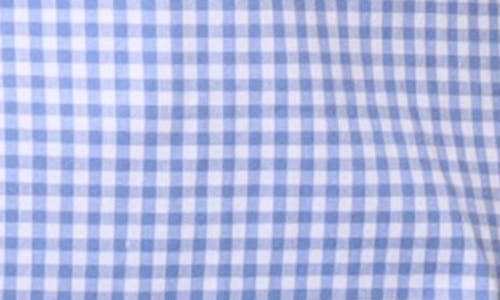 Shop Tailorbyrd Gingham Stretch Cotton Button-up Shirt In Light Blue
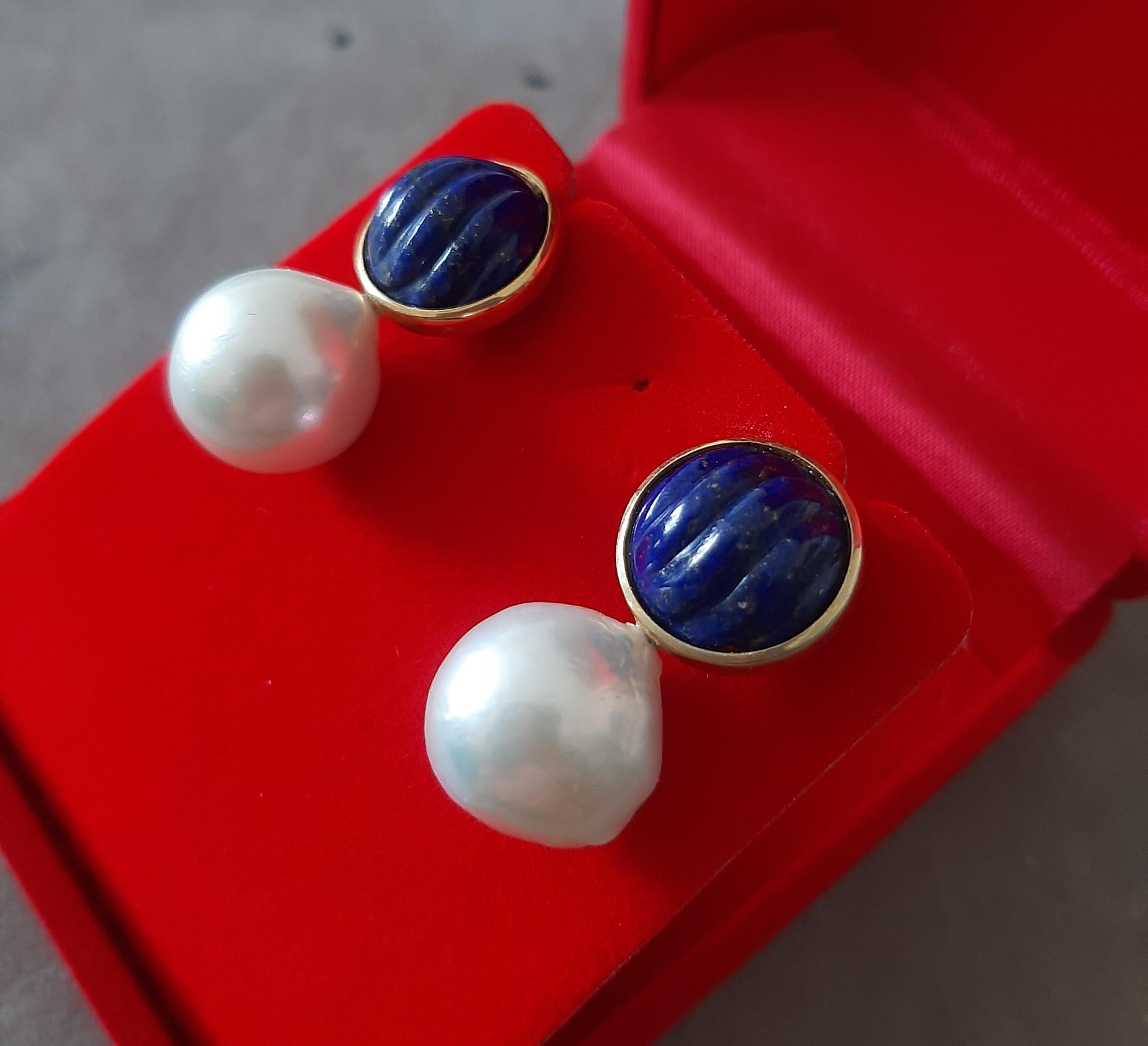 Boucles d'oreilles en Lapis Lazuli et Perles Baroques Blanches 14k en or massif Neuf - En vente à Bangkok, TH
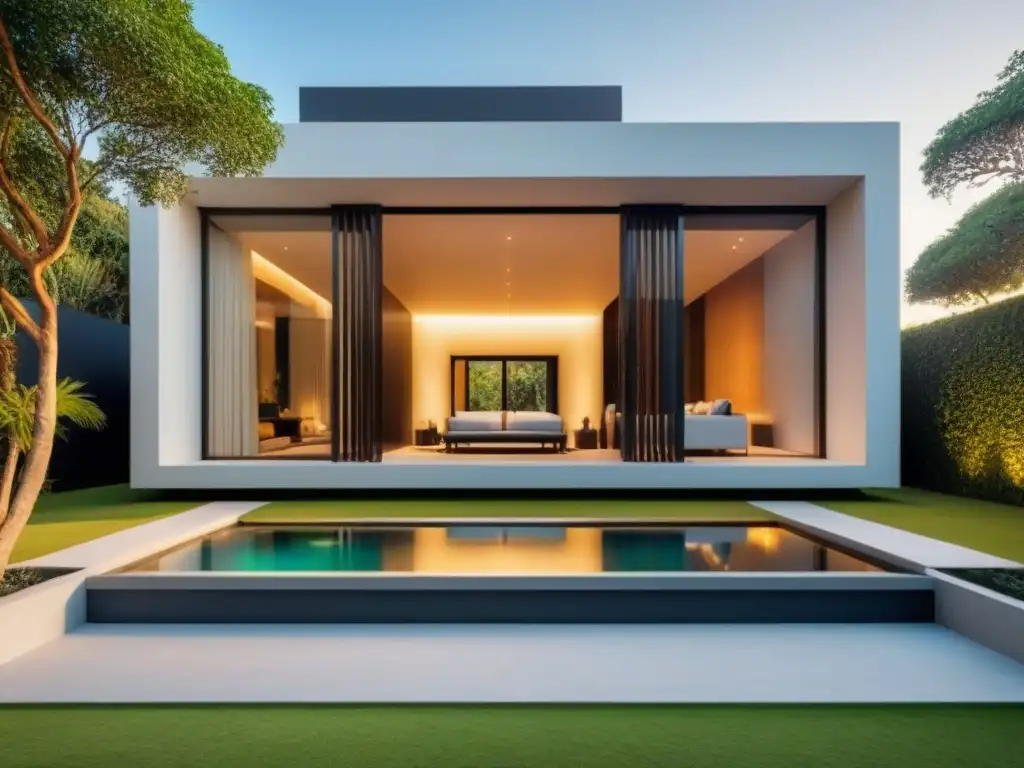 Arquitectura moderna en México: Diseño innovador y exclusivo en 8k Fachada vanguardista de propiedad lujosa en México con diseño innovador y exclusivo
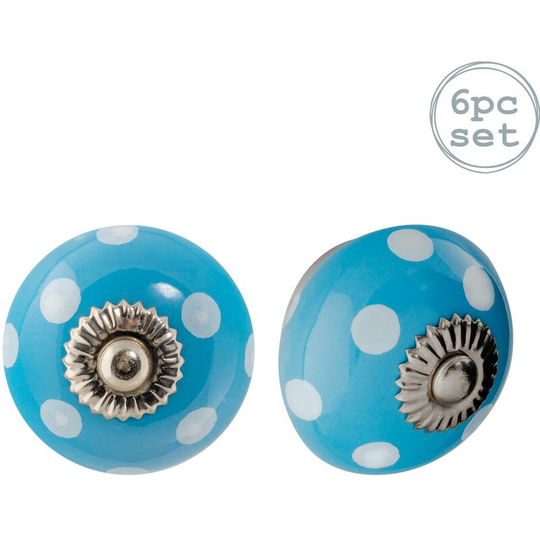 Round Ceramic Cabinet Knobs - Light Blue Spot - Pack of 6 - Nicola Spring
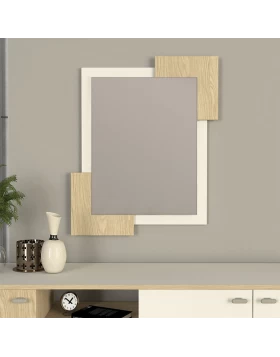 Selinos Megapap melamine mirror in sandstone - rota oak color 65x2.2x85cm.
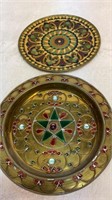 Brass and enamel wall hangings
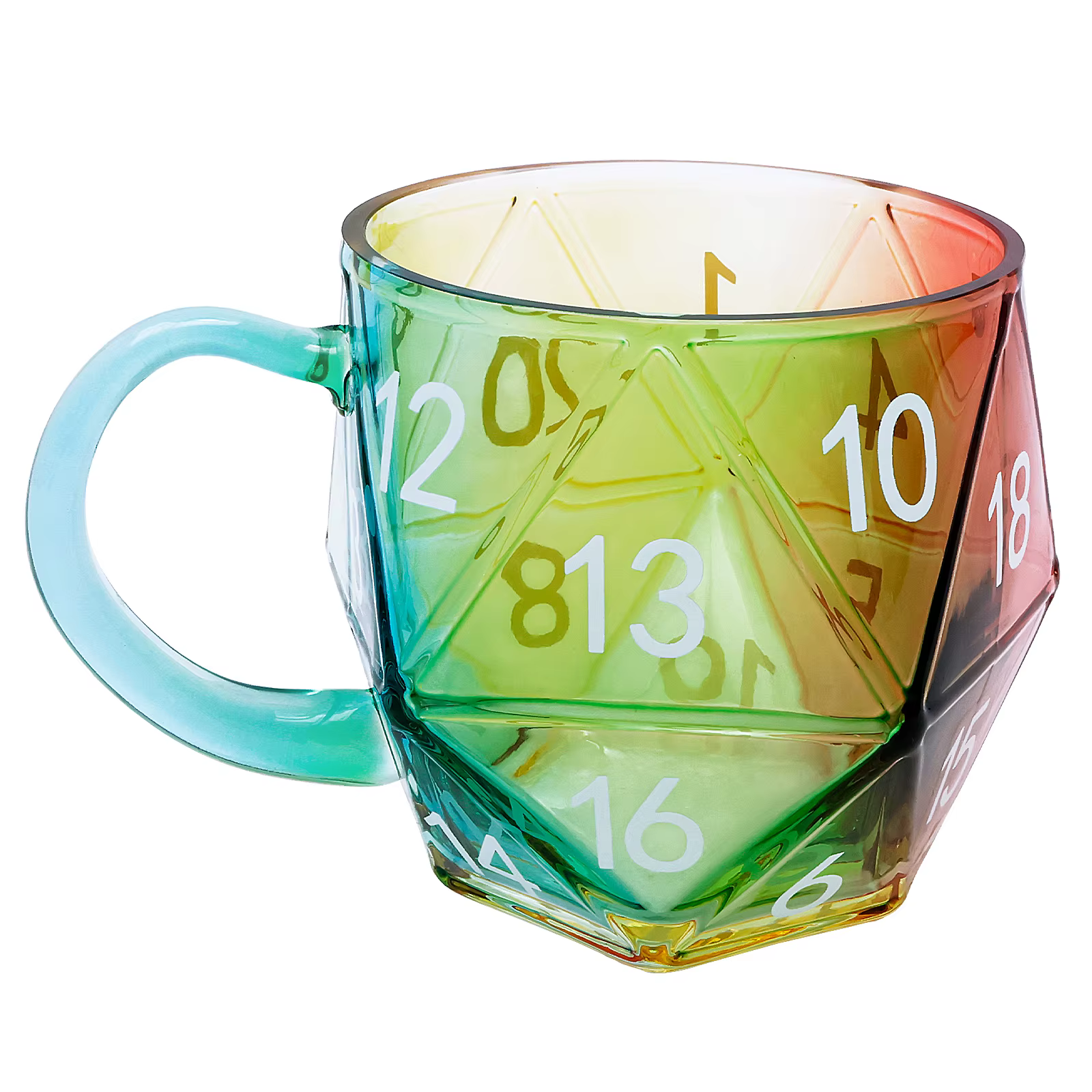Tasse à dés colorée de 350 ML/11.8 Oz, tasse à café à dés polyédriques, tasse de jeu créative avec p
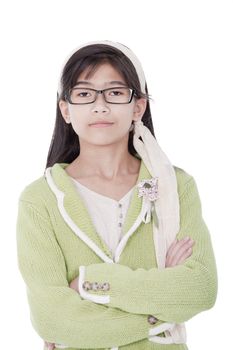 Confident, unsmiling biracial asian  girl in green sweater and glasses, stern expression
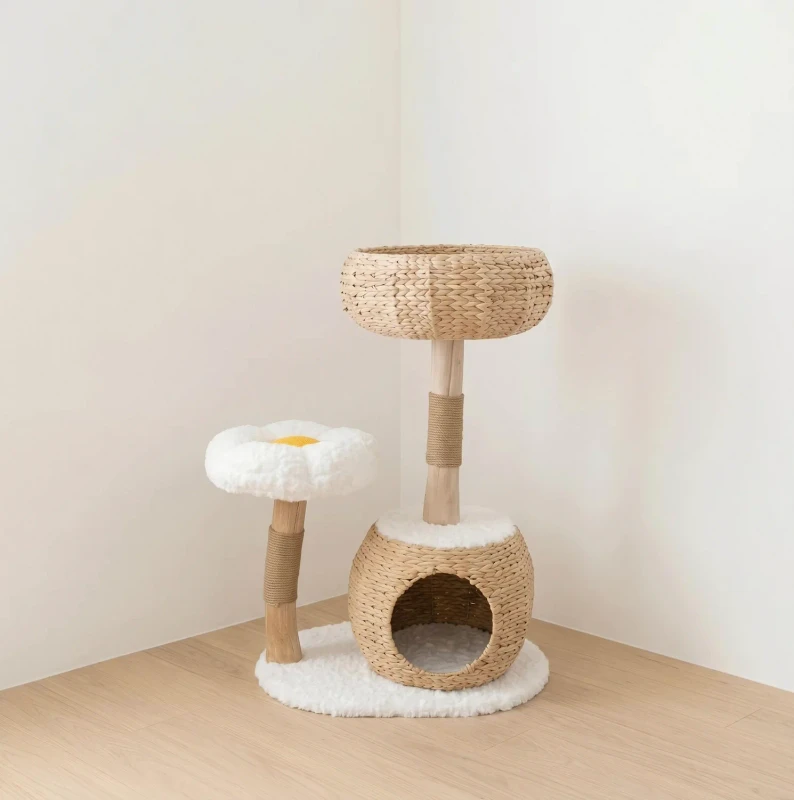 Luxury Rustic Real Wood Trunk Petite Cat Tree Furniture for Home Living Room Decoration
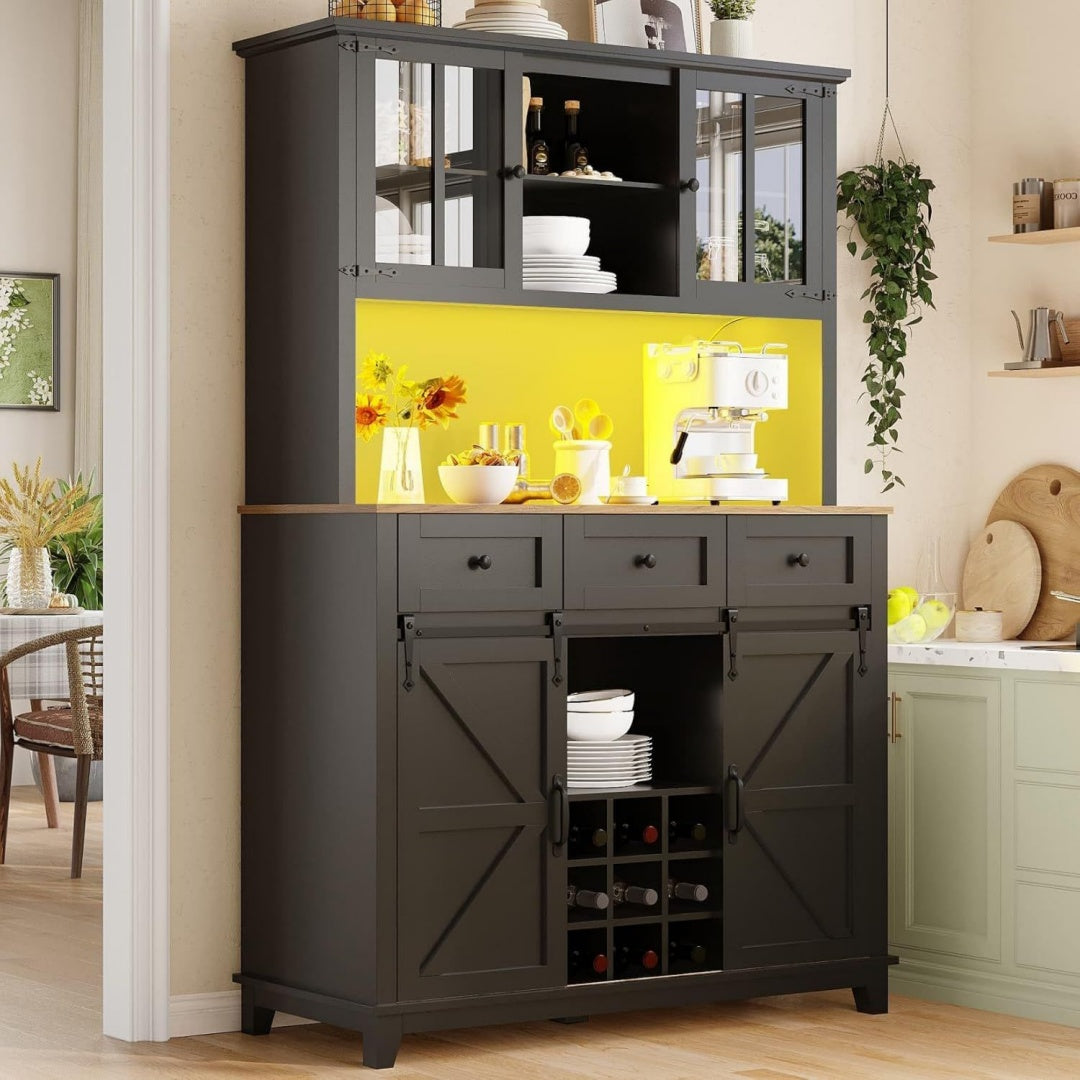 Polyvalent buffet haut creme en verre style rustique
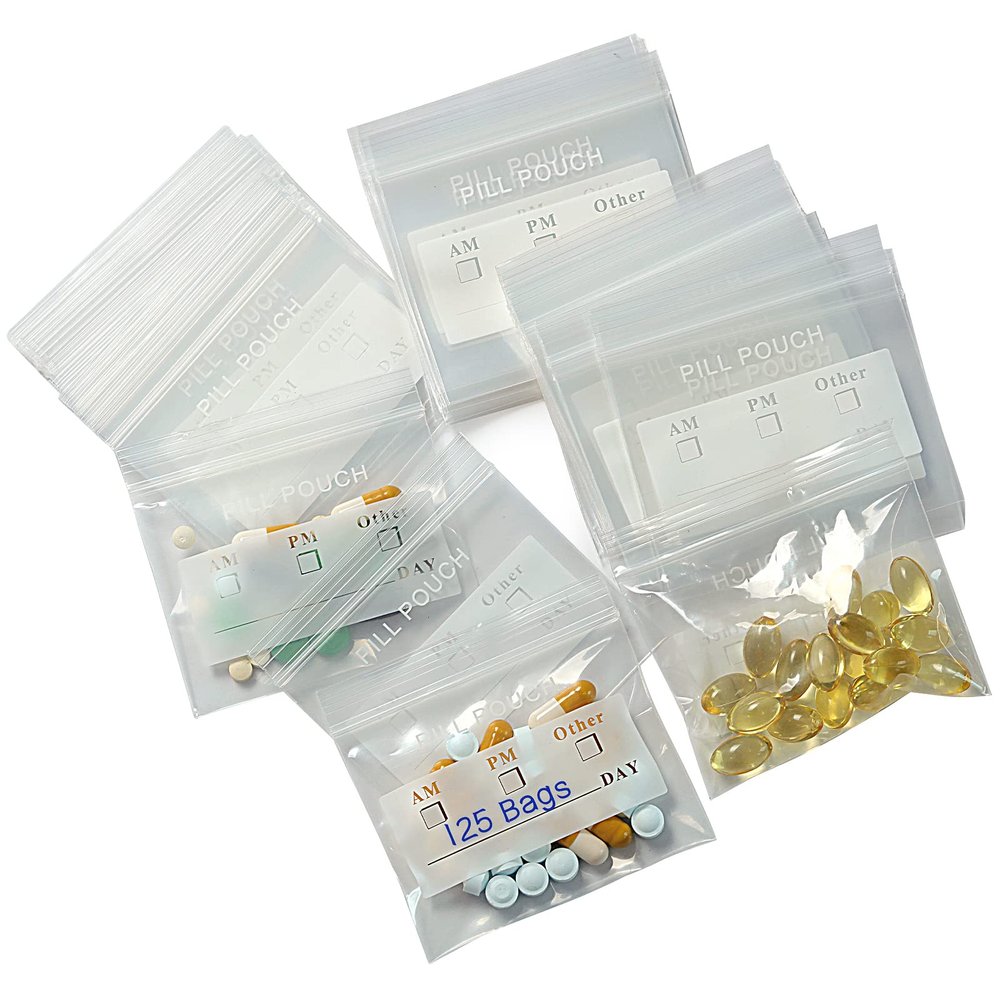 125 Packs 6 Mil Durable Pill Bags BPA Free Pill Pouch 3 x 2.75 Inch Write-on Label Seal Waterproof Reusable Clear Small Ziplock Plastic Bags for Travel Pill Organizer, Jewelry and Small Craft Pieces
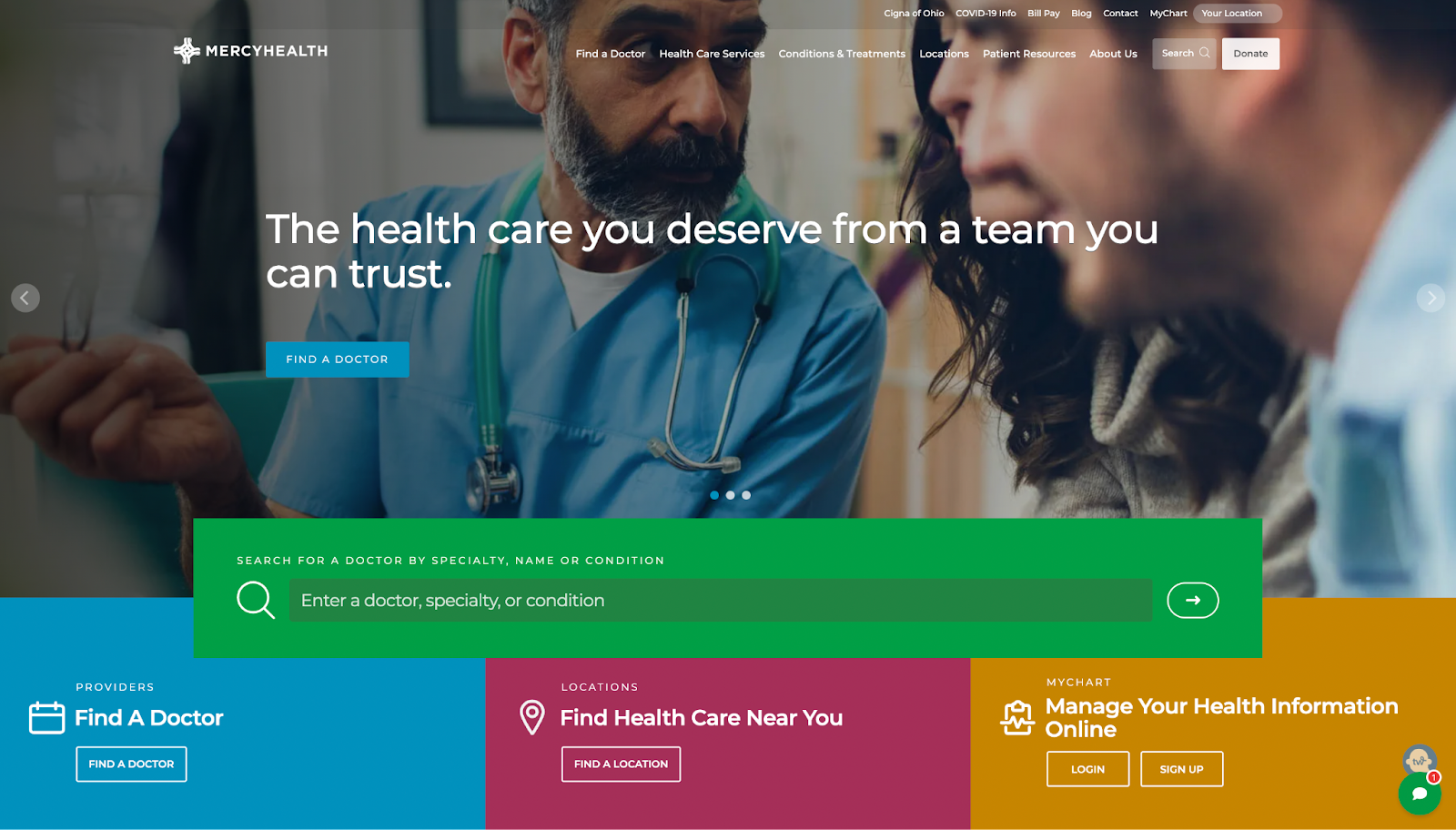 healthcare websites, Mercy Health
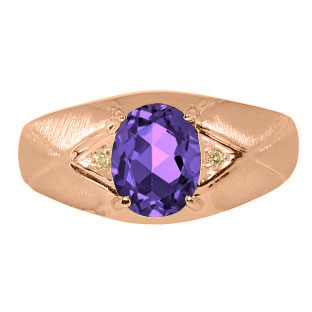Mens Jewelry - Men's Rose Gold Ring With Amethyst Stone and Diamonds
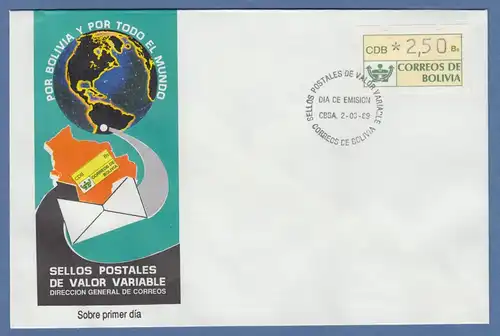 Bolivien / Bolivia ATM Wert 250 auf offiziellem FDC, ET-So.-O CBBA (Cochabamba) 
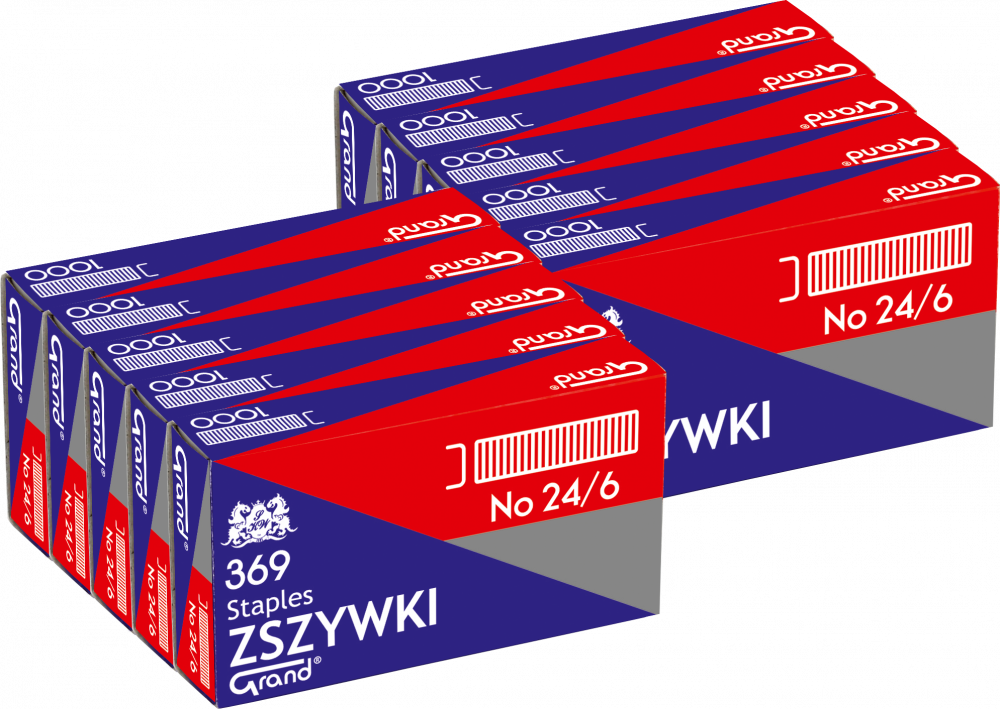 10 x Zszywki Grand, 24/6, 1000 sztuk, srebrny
* * * *
* Problem description *
Only the lines between the one containing "Mens Jewelry - Men's" and the last line of the listing above, both included, should be written out, exactly and without pictures.

* Final answer *
Mens Jewelry - Men's Rose Gold Ring With Amethyst Stone and Diamonds
 Bolivien / Bolivia ATM Wert 250 auf offiziellem FDC, ET-So.-O CBBA (Cochabamba) 
 10 x Zszywki Grand, 24/6, 1000 sztuk, srebrny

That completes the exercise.